Barclays: Portfolios Need "Barbell" Approach

With investors skittish about deflation and inflation, Barclays Wealth is recommending a portfolio that is overweight in risk assets such as equities and high-yield credit, as well as long dated bonds, while remaining underweight in cash and investment-grade credit.

For this “barbell” approach to work, both stocks and bonds have to face relatively limited downside, according to Kevin Gardiner, head of global investment strategy for Barclays. “If this weren’t the case, what we gained at one end might be given back at the other,” he said in a statement. He added that the “reduced likelihood of a hike in official interest rates on both sides of the Atlantic offers a degree of support to bond prices,” which means that a major sell-off appears to be unlikely with such a steep curve. 

Barclays additionally recommends a small overweight in real estate as part of the opportunistic side of the barbell portfolio strategy. The firm notes that U.S. real estate is one of the only asset classes that didn’t at least partially rebound in 2009 after the major drop in 2008.

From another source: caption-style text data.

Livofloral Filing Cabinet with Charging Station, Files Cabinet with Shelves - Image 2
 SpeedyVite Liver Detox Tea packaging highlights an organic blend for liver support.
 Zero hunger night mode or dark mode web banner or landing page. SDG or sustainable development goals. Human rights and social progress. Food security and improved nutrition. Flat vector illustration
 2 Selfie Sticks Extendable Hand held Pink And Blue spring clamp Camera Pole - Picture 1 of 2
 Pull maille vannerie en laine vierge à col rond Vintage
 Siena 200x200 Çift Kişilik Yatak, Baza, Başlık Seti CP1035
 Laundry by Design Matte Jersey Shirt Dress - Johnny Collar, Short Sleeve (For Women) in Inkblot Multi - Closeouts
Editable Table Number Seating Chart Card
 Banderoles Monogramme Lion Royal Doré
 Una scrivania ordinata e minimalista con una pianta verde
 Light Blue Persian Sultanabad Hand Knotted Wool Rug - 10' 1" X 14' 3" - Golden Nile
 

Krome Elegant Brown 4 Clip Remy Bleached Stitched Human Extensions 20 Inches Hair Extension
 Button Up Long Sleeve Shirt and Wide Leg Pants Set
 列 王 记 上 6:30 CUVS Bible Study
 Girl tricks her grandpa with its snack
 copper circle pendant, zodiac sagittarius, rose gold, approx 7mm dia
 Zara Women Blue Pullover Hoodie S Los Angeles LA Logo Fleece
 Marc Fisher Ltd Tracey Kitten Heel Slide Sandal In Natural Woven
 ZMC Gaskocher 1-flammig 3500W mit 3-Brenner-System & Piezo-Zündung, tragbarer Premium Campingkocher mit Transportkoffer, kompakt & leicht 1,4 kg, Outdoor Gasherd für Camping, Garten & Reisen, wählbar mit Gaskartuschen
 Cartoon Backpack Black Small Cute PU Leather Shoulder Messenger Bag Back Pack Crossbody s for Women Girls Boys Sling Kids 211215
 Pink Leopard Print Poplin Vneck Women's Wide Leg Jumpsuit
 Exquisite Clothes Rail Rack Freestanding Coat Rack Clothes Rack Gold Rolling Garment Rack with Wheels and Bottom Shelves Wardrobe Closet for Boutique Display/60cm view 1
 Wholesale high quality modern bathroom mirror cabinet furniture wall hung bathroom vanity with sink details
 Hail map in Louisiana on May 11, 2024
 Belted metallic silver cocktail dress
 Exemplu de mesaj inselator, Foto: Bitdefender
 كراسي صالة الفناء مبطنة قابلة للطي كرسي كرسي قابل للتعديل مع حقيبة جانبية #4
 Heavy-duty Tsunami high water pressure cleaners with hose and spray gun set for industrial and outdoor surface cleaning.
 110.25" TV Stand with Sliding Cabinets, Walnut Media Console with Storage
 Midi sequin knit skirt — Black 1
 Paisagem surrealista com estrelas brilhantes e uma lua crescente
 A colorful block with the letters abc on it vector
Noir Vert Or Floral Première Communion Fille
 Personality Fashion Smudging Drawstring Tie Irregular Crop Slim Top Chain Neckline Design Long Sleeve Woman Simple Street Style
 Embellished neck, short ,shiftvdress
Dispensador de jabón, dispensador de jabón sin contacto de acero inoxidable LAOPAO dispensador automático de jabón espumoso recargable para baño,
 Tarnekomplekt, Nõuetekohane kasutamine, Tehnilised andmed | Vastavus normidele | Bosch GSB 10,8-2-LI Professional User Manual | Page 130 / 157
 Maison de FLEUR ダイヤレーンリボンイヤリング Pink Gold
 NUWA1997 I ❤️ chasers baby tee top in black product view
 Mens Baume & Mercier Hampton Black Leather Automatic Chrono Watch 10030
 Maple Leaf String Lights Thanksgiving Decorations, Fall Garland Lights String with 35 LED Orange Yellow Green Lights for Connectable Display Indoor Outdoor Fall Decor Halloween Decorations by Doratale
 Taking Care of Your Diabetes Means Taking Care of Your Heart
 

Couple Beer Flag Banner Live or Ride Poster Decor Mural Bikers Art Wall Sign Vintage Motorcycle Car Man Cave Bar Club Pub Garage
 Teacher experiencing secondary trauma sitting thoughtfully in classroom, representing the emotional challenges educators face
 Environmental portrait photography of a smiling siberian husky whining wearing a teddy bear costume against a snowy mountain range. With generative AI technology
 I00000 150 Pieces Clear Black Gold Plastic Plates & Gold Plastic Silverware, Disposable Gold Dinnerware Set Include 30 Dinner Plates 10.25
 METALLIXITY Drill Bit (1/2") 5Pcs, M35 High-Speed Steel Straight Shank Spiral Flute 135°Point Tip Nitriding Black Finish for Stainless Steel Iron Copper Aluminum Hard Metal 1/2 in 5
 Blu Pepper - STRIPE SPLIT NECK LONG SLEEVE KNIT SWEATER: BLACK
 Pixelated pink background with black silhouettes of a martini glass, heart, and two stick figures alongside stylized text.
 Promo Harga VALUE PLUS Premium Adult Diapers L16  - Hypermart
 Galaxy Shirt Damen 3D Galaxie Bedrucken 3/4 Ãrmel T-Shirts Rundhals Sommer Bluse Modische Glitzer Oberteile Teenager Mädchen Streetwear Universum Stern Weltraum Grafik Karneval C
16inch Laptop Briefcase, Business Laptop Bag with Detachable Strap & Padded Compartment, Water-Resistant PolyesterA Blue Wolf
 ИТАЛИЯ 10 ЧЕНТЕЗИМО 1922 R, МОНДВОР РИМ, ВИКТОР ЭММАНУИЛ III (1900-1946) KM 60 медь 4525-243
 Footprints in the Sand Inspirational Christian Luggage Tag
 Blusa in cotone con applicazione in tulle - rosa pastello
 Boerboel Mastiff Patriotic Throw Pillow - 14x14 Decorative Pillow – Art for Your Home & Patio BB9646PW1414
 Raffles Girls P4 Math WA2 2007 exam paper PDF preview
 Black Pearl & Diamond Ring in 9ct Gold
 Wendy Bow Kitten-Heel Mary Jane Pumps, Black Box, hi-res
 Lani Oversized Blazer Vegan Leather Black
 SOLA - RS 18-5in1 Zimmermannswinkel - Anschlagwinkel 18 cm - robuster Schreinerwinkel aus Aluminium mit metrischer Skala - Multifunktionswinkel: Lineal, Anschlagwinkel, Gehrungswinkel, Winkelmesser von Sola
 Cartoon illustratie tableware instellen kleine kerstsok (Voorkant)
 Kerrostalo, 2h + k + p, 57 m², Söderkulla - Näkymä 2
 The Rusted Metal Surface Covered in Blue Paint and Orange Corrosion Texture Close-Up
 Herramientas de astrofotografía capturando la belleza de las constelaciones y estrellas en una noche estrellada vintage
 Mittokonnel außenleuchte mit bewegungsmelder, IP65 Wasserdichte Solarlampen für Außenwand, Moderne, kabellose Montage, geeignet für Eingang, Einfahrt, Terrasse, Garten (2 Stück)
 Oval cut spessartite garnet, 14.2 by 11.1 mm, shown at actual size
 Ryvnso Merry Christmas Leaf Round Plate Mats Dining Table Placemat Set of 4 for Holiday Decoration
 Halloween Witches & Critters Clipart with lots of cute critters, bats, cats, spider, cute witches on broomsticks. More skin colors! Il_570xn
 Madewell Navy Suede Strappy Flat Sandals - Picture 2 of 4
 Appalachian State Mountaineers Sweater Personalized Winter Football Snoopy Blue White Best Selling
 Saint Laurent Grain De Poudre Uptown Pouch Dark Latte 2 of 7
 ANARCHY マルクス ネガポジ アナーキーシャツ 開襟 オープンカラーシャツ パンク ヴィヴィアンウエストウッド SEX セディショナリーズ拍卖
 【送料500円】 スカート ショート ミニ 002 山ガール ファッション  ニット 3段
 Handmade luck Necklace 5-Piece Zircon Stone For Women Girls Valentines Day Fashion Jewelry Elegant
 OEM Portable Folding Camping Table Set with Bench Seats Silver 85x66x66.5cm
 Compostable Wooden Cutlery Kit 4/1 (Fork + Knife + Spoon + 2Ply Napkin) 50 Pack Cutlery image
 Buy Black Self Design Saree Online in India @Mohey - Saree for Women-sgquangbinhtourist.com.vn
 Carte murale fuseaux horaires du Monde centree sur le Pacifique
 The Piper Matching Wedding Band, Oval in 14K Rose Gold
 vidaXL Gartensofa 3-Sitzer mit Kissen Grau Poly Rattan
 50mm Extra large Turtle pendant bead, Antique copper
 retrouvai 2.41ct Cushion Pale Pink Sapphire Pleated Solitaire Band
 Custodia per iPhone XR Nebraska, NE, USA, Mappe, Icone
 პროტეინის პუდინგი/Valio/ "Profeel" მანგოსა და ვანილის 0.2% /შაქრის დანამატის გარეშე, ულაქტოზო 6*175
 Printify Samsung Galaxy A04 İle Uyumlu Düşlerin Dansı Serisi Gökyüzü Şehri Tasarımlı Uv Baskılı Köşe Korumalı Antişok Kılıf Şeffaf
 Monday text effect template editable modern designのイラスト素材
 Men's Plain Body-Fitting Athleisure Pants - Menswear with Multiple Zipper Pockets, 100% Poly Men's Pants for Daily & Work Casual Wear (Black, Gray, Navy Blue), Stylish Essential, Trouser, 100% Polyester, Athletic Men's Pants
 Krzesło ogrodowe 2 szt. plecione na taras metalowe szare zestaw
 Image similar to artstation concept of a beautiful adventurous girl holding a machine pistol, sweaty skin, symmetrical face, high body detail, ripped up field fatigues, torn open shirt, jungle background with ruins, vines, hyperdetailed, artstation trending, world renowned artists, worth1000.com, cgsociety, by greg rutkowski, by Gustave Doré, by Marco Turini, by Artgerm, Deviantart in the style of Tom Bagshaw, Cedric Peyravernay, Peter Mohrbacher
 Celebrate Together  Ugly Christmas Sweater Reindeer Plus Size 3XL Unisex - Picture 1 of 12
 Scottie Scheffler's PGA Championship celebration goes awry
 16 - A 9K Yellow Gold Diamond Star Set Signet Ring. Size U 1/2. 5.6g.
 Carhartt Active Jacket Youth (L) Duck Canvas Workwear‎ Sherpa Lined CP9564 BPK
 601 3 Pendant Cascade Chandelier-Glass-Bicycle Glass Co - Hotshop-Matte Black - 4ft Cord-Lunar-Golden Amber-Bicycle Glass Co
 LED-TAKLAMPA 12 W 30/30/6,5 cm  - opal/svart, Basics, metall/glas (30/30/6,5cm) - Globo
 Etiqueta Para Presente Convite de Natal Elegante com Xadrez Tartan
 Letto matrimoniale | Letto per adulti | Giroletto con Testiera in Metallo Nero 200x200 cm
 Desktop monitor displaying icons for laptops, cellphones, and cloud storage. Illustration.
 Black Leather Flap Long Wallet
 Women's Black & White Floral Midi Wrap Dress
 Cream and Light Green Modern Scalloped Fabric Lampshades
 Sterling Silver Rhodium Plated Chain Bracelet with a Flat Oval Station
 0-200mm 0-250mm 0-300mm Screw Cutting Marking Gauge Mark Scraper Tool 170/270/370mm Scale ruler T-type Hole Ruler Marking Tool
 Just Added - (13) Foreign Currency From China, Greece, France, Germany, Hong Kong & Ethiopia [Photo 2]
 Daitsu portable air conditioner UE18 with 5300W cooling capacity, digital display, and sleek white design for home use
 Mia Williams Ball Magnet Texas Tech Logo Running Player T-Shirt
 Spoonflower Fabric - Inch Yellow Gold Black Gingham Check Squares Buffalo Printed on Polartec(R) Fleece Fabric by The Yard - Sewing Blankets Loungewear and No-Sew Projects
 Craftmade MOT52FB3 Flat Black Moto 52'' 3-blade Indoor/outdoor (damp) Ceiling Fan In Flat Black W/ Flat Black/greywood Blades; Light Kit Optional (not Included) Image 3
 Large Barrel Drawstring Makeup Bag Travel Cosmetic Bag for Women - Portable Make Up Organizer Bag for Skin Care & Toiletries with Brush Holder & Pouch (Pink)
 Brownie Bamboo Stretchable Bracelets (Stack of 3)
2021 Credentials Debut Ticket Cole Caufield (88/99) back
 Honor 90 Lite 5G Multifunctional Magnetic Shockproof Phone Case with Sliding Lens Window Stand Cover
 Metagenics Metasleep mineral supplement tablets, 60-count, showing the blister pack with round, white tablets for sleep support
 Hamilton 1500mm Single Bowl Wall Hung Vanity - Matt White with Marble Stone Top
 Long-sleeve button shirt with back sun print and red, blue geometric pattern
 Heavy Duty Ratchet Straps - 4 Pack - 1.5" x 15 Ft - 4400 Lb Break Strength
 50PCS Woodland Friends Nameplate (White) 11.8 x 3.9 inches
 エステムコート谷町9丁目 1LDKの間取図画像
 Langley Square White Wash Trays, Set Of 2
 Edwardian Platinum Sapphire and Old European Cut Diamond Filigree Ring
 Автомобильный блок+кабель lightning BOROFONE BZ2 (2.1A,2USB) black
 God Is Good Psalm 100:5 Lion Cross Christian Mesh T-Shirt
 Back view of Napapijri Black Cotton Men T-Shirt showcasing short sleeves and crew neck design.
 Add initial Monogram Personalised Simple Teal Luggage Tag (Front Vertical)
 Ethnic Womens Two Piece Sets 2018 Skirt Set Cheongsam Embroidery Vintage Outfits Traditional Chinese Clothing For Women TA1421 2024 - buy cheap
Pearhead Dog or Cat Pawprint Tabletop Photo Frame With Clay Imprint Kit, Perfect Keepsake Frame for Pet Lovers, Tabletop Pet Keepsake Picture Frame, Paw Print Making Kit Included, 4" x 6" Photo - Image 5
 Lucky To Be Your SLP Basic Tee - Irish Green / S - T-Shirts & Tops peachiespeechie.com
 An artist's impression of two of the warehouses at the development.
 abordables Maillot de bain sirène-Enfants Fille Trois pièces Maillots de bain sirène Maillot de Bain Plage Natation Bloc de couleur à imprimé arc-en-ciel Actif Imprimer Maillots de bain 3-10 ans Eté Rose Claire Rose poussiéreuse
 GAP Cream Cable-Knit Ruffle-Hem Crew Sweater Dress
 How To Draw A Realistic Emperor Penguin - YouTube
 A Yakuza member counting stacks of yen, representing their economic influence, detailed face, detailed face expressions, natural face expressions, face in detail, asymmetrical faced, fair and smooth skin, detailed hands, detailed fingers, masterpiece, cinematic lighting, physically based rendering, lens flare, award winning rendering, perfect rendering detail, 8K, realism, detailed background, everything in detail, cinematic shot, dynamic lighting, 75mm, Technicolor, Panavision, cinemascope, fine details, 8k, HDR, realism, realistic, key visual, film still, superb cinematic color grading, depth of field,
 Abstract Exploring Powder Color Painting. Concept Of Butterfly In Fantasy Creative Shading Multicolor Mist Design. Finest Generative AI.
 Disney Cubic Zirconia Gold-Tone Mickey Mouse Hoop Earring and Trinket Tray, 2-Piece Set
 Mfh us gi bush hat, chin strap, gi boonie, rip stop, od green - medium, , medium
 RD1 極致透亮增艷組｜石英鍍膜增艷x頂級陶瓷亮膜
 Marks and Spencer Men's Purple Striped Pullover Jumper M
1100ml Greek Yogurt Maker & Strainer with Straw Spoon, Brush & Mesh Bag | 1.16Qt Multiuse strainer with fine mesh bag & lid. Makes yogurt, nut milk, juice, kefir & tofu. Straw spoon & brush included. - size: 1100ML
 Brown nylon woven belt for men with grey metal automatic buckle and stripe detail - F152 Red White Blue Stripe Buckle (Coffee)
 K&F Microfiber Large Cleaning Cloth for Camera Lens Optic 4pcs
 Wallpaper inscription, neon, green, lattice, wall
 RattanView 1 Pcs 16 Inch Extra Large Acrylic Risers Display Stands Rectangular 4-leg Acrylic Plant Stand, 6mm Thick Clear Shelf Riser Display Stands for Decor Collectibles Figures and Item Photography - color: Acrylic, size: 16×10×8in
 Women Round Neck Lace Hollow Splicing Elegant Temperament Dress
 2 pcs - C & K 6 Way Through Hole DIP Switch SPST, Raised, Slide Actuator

Barclays also recommends high-quality long-dated government bonds as a way of insuring portfolios against deflation risk. Although yields on 10-year U.S. Treasury have fallen significantly, Brian Grossman, fixed income strategist for the firm, expects the gulf between 30-year yields and 10-year yields to narrow. He said there is opportunity here “so long as the spread is greater than 1.5 standard deviations above its average over 20 years, or 80 basis points to buy the 30-year and sell the 10-year U.S. Treasury—thus being net long spread compression.”